Ensuring Patient Safety: Are We Doing Everything Possible?


Patient safety has always been on the pharmacist’s agenda. Every dispensed medicine carries with it a whole set of checks to ensure that the patient gets medicines safely.

A case in point: oral methotrexate—safety checks include the following:

  • Providing patients with information before and during treatment
  • Ensuring dispensing software is updated to include the latest methotrexate alerts and prompts
  • Ensuring purchased products comply with recommendations

Findings from secondary care

All patients receiving oral methotrexate should carry a monitoring and dosage record. The UK CPA is exploring the best way to develop national reporting amongst community pharmacists. Lessons can be drawn from findings from secondary care.
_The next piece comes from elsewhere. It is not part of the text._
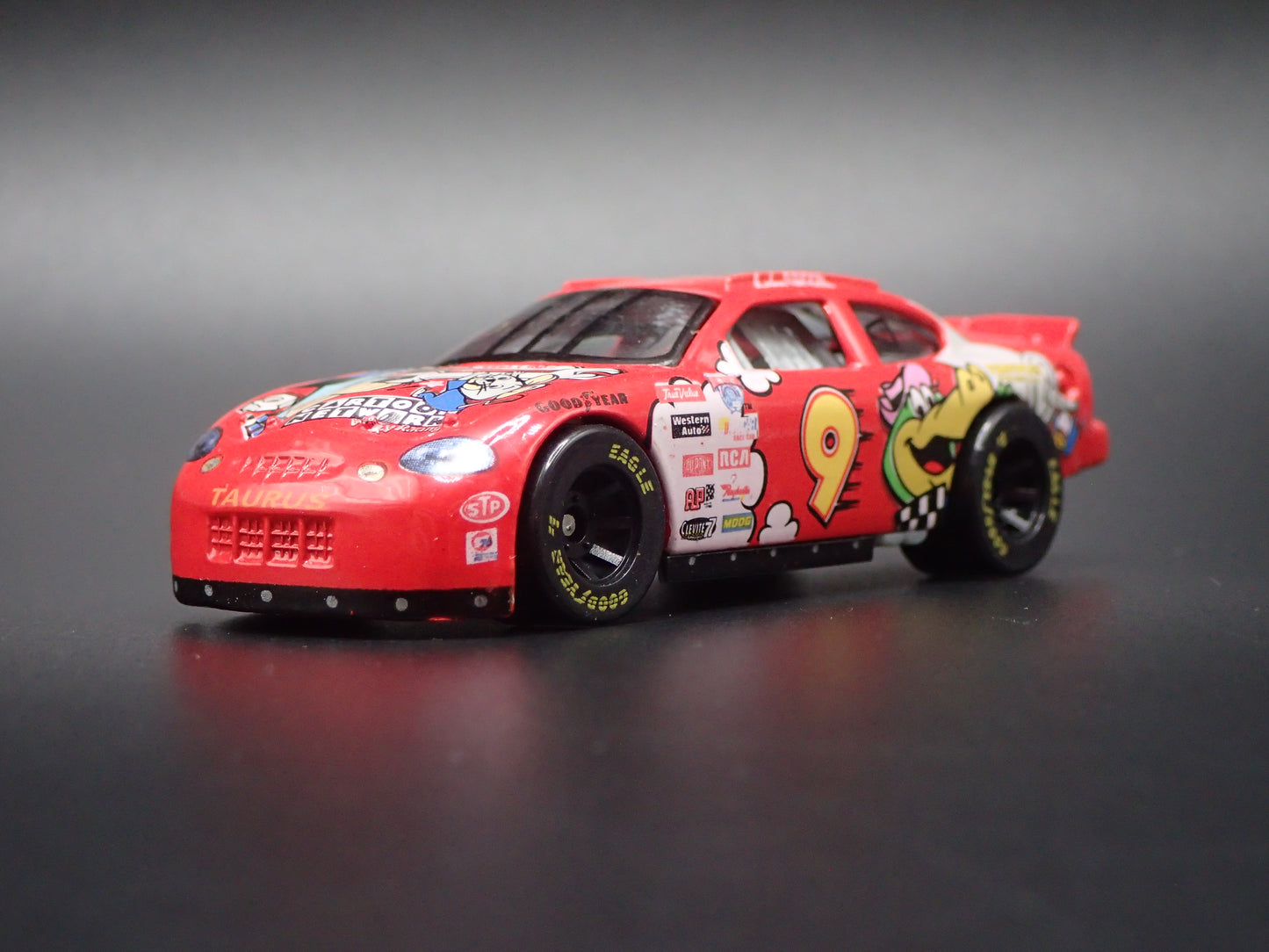 1998 98 FORD TAURUS 9 LAKE SPEED CARTOON NETWORK NASCAR 1:64 SCALE DIECAST CAR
The National Reporting and Learning Scheme (NRLS) data include all patient safety incidents, of which about 6% relate to medicines.

Data are comparable with other studies around the world, which concluded that about 8% of medication errors occur during prescribing, 14% during dispensing and 35% at administration. Of dispensing errors, 22% were wrong doses, 21% wrong medicine and 7% wrong patient.
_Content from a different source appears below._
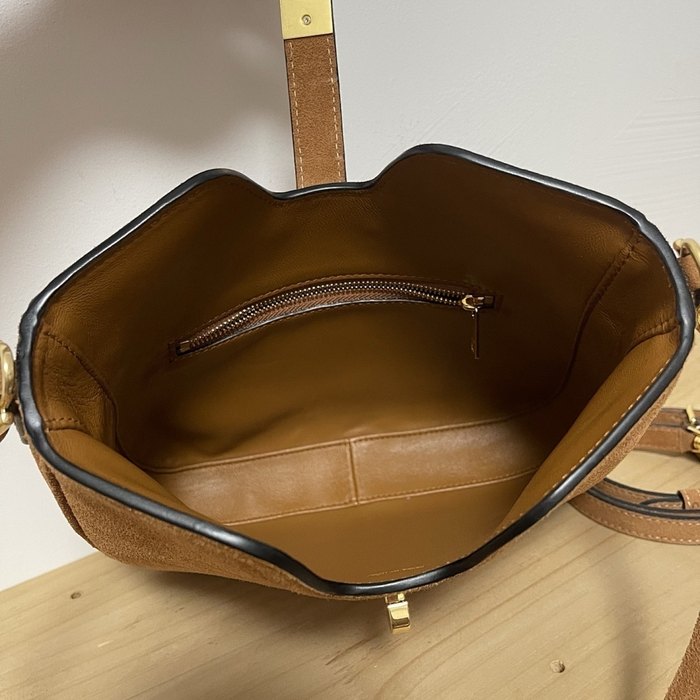 Celine Tote Bag with stylish features Tan 01A 2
Drugs which are error-prone are similar in the US and the UK: insulin, heparin/warfarin, and morphine are generally among the top 10.
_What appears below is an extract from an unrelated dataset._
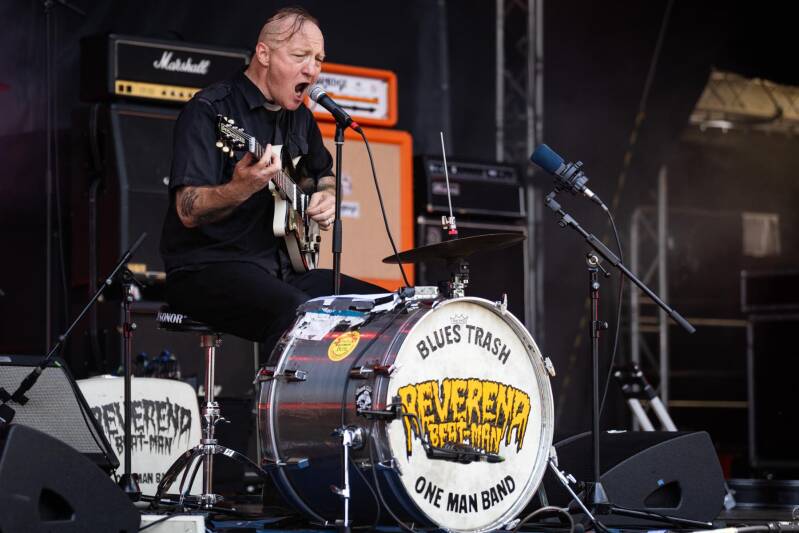 02_Reverend-Beat-Man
What does it mean for community pharmacists?

Some pharmacies are already collecting dispensing error data and this is an important resource. However, community pharmacists also can be a source of information on prescribing errors, administration errors (yes, by patients, as that is how the majority of medicines are administered).

How data will be collected and reported nationally is yet to be decided. Meanwhile, pharmacists can do the following:

  • Look at high-risk drugs and see if additional safeguards can be set up
  • Report problems with product packaging or labeling, either identified by yourselves or by patients
  • Review dispensing processes
  • Identify weak areas and build in safety steps such as checks, prompts, and reminders

Above all, be prepared to share your findings as it is through shared learning that true error-proofed systems can be devised.